Hooray for Brian blogging again! :-) ((I'm trying something - if I say people can respond by posting on their own sites and tracking back to here, I need to be doing the same thing. Reclaim all of the comments. or somesuch.))

I didn't really (fully) articulate my position(s) on in my recent LMS post, either. I kind of ran out of steam at 1600 words. Maybe for the better. (I'm still not fully articulating things yet - more to come later, if I can come up with the energy - but I wanted to respond quickly to Brian)

I am really not a fan of the LMS as an end-state, but it's a symptom of institutional models, not the illness itself. Unless/until the nature of post-secondary institutions changes pretty radically, the LMS (or something like it) is here to stay. Yeah. I feel it too.
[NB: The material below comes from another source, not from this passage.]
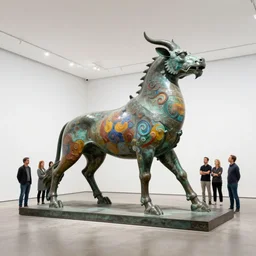 etablishing wide view shot of powerfull colorful intriguing polished painted massive bronze * poetic * sculpture of a mythic creature animal by in empty empty white space exposiion. elegant animal living. with collaboration of ellen jewett, zhelong xu, beth cavener, sayaka ganz, edouard martinet, john o'reilly and judith klaus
Which leaves me thinking about how to proceed. I'm powerless to change the nature of The Institutionâ„¢, so I have 2 choices - either give up entirely and write off online learning for anything larger than incubator/startup/pilot scale, or embrace the fact that the LMS (or something smelling awfully similar) will be around for awhile. How to turn that around so that we can still do interesting things?

If the LMS is set up to be the institutional plumbing - access control, grades, basic functionality for most users - what if we let it do that, so that the pressure of "scale" is taken off the innovators at the edges? Let the majority of people do their thing in the LMS, and slowly change as that beast evolves, while we work on the awesomeness in the fringes. Or something.